Jack in the Box Just Launched One of the Most Tone-Deaf Ads of the #MeToo Era

Agency and brand defend focus on genital jokes in the workplace

The 'Jack's Bowls' campaign focuses on innuendo in the office. Jack in the Box
Headshot of David Griner

Let’s get this out of the way: Yes, juvenile humor is still OK. Kmart’s “Ship My Pants” spot is still just as funny, charming and joyously silly as it was in 2013.

What’s not OK, especially after all the tales of hostile work environments that have been highlighted by the #MeToo movement, is an ad that celebrates sexual innuendo in the workplace, which is exactly what Jack in the Box and agency David&Goliath have done with a new ad called “Jack’s Bowls.”

The spot, which is basically a minute of incessant genital jokes, promotes the brand’s new teriyaki bowls by having fictional executive Jack reference them as testicles. “You’ve got some pretty nice bowls there,” Jack tells a male colleague, “but so does Dan.” A female employee then also compliments Dan on his “nice bowls.”

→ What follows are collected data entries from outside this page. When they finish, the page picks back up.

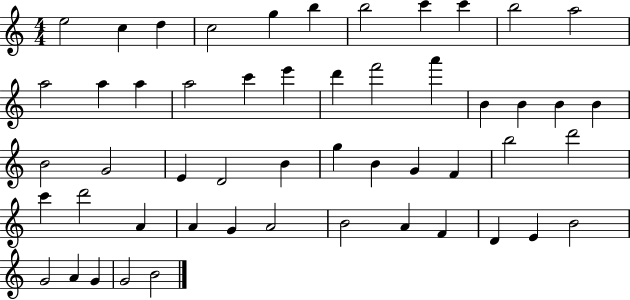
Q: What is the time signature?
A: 4/4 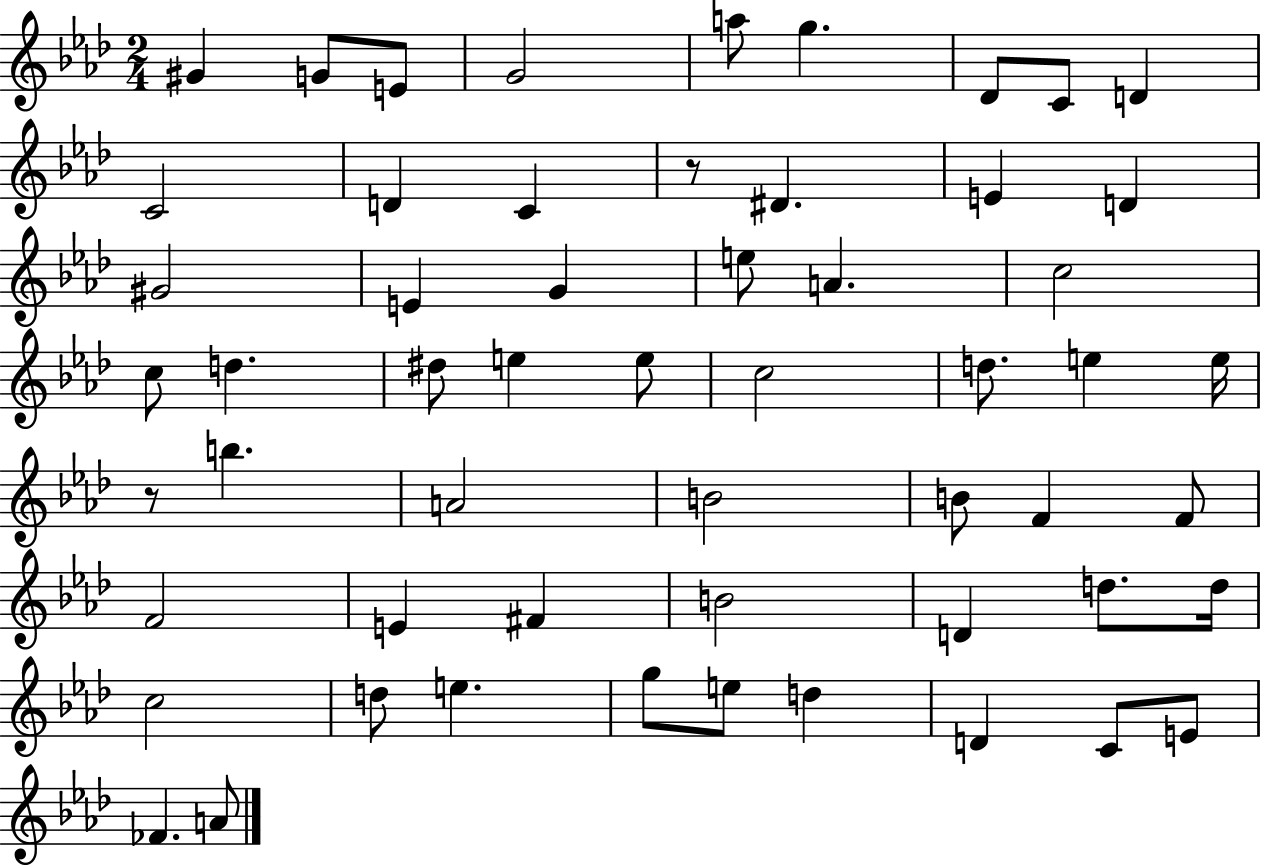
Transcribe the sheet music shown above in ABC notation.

X:1
T:Untitled
M:2/4
L:1/4
K:Ab
^G G/2 E/2 G2 a/2 g _D/2 C/2 D C2 D C z/2 ^D E D ^G2 E G e/2 A c2 c/2 d ^d/2 e e/2 c2 d/2 e e/4 z/2 b A2 B2 B/2 F F/2 F2 E ^F B2 D d/2 d/4 c2 d/2 e g/2 e/2 d D C/2 E/2 _F A/2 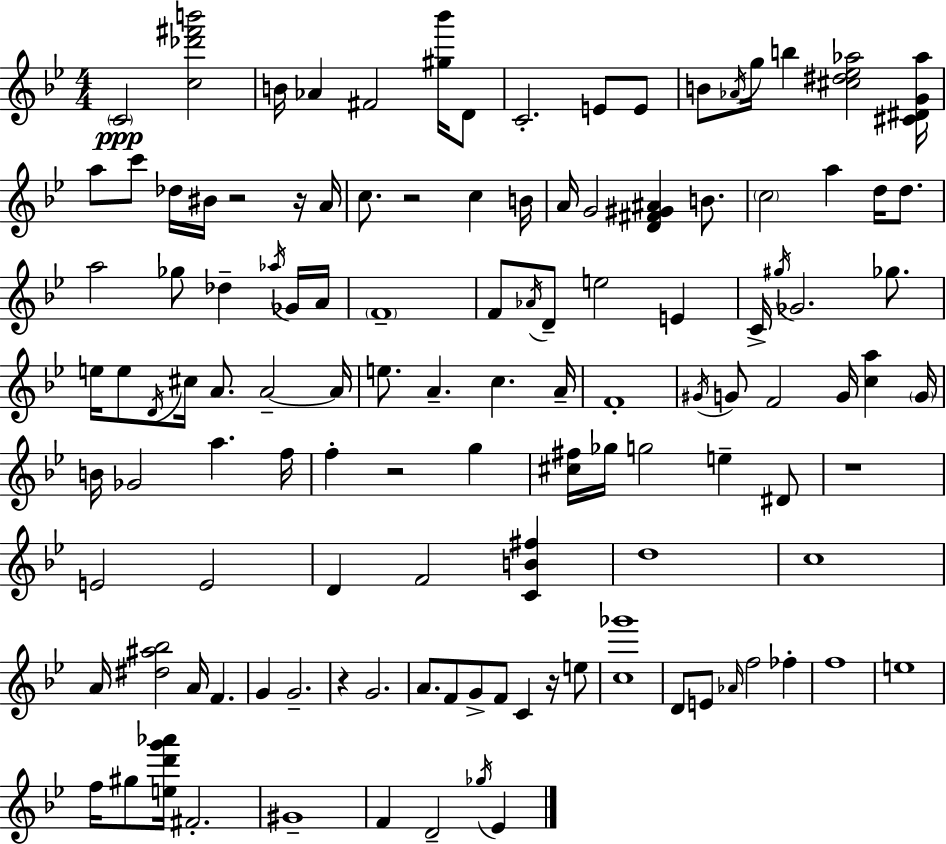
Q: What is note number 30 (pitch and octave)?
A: Db5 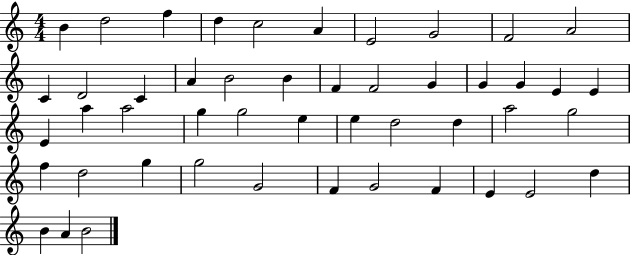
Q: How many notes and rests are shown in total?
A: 48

In perhaps its most telling moment, the ad tries to go meta by having a lawyer explain to Jack that the campaign is inappropriate, but (in a commendably accurate portrayal of male executives), he doesn’t understand what the fuss is about.


In a joint statement, the brand and agency defended the spot, telling Adweek that the ad is not referencing the high-profile #MeToo movement, which has raised awareness of how women across multiple industries face hostile work environments due not only to direct sexual harassment but also to “boys’ club” culture typified by sexual innuendo and off-color humor in professional environments.

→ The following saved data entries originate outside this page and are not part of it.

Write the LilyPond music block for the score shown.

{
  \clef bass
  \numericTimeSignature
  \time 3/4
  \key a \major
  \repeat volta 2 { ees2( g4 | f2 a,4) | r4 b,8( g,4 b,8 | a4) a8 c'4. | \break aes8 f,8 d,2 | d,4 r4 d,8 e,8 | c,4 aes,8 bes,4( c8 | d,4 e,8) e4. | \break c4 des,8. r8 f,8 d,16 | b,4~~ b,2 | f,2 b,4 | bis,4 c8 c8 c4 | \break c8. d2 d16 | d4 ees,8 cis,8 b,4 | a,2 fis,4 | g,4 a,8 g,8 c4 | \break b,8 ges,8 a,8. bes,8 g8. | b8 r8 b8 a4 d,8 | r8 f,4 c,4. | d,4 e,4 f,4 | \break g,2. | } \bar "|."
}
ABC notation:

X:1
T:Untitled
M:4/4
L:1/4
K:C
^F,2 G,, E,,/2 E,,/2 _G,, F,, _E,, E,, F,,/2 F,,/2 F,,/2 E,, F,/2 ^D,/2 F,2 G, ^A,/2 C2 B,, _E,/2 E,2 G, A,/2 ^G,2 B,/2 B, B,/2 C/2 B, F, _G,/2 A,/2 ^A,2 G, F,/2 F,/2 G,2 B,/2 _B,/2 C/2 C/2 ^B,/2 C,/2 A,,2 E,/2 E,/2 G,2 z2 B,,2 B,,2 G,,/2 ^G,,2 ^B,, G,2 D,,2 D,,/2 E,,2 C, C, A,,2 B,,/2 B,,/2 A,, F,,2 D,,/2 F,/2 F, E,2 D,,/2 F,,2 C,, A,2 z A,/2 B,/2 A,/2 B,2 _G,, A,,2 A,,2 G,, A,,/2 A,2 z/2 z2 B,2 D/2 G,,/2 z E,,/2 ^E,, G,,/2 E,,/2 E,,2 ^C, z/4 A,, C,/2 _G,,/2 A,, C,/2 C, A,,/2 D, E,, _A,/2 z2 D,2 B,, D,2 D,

“This ad is a creative and humorous expression around the teriyaki bowl, highlighting how a burger brand such as Jack in the Box has the guts—or ‘bowls’—to go beyond the usual and serve something other than burgers,” says the joint statement from Jack in the Box and David&Goliath to Adweek. “This ad is not diminishing any movement, and we stand firmly against any form of harassment and value those who have the guts to combat it.”

As part of the campaign, trucks wrapped with a “Only Jack Has the Bowls” message will park near competitors such as McDonald’s, Burger King and Carl’s Jr.

Jack in the Box

Jack in the Box

The creatives certainly had no shortage of ball jokes. In the ad’s YouTube summary, the brand included 13 more taglines, including “Taste my bowls,” and “Get your hands on my bowls.”

Much like with Pepsi’s bumbling foray into Black Lives Matter, one has to wonder about the conversations that lead to an ad like this. Did no one raise a flag? Or did they, only to get shot down as prudes and PC worrywarts? Is it simply tactical baiting of controversy—or, phrased more simply, trolling?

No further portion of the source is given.